Here it is only necessary to recall that another of the great lifeboat Coxswains of the North East Coast "Thomas Langlands" had twice succeeded in reaching the wreck in the Whitby No. 2 Lifeboat and had rescued thirty five men and women. The lifeboat being so badly damaged was unfit for further service, and after every effort of the other pulling lifeboats to reach the wreck had failed, the Tynemouth motor lifeboat was summoned as the last hope of saving those who still clung perilously to the wreck. Coxswain Smith and Major Burton navigated the boat safely through a hazardous journey from Tynemouth to Whitby in the wild night storm.

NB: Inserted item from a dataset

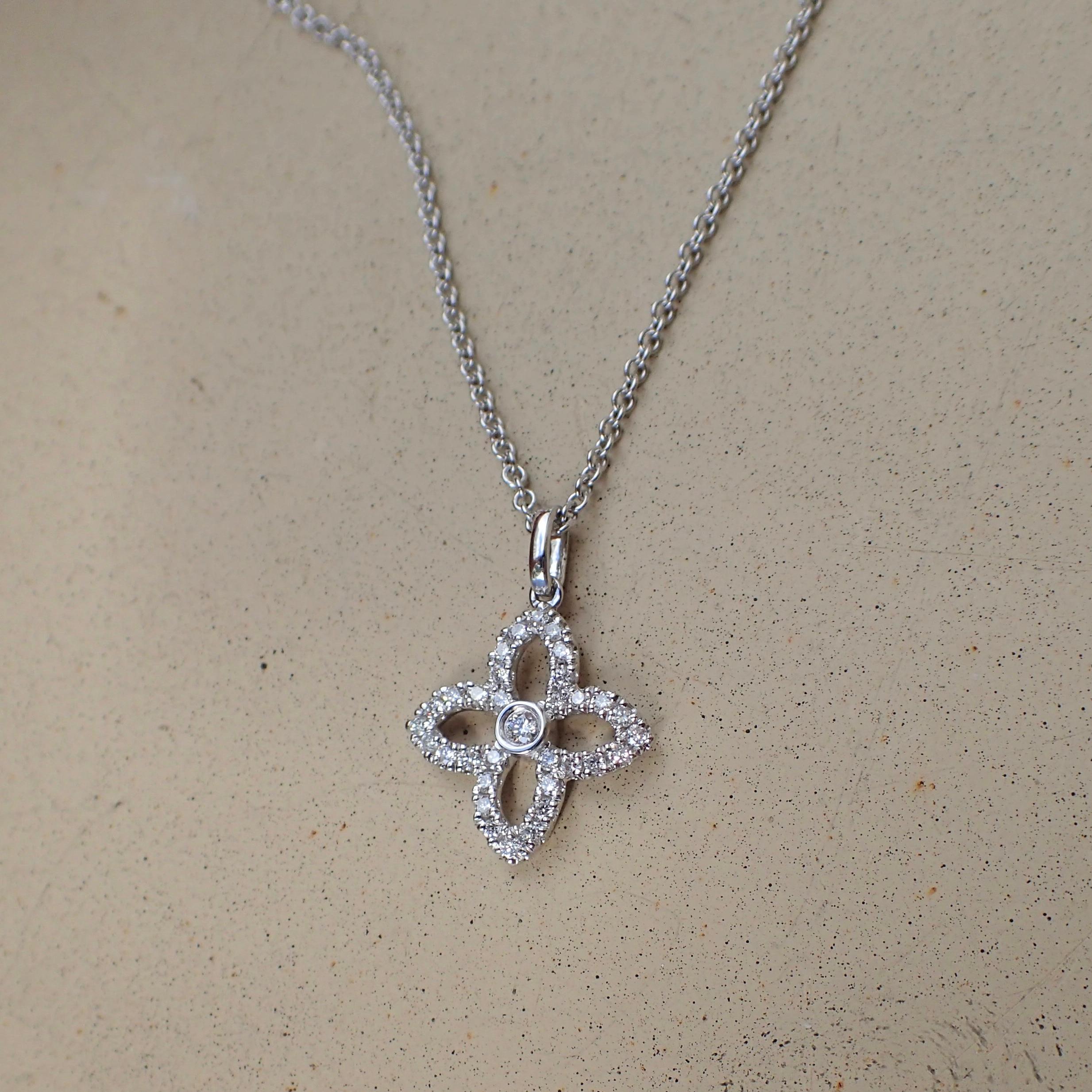 18 Karat Gold Flower Pendant with 0.19 Carat of Diamond Hangs from a Cable Chain For Sale 1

Early next morning she rescued the final fifty men on the wreck, who had survived their terrible ordeal of fifty hours. For that service, Robert Smith, Major Burton and Thomas Langlands were awarded the Gold Medal, the highest honour presented by the RNLI and is only given for conspicuous courage and devotion.
Robert Smith held a number of other decorations and awards. He was one of the eight Gold Medallists of the Institution alive when its Centenary was celebrated in 1924. He attended the Centenary dinner at which the Prince of Wales presided, and, with the other Gold Medallists, was received by the King at Buckingham Palace, and decorated with the Medal of the Order of the British Empire. It was to him, so one of the other Gold Medallists said afterwards, that the King talked most, asking him about all his medals.
One of the most prolific photographs Robert Smith is seen with is that (top left), after he was awarded a unique piece of silver plate (left) by H.M. the King of Norway. Silver Medals and diplomas were also conferred on other members of the crew. Silver Medals and diplomas were also sent for the crew of the private Lifeboat Tom Perry. The rewards given by His Majesty were in recognition of the splendid services rendered to the Norwegian steamer Bessheim, which was wrecked at Tynemouth in a fierce easterly gale on the 18th November, 1916.
The vessel was bound to Norway with a general cargo, and carried seventy eight passengers and a crew of thirty three including seven stewardesses. At the time of the rescue a gale was raging, but fortunately all those on board were saved without mishap. Full particulars of the service were given in the lifeboat Journal for February, 1917.
Robert Smith finally retired in March 1920, aged seventy one with his sight failing in 1924. After becoming one of the most famous lifeboat skippers in the country, Coxswain Robert Smith died on 30th October 1927, thirteen years to the day after the tragedy of the Rohilla in which his contribution was monumental.
He left behind him a great record and a name which will be remembered with honour and gratitude so long as the lifeboat Service itself is remembered. No man more gallantly and more honourably carried on the great traditions of the Service off the Tynemouth coastline, where the first permanent lifeboat Station was established and where men and women have shown great gallantry in the work of saving life from shipwreck. This last photograph shows Robert Smith with his daughter Hilda.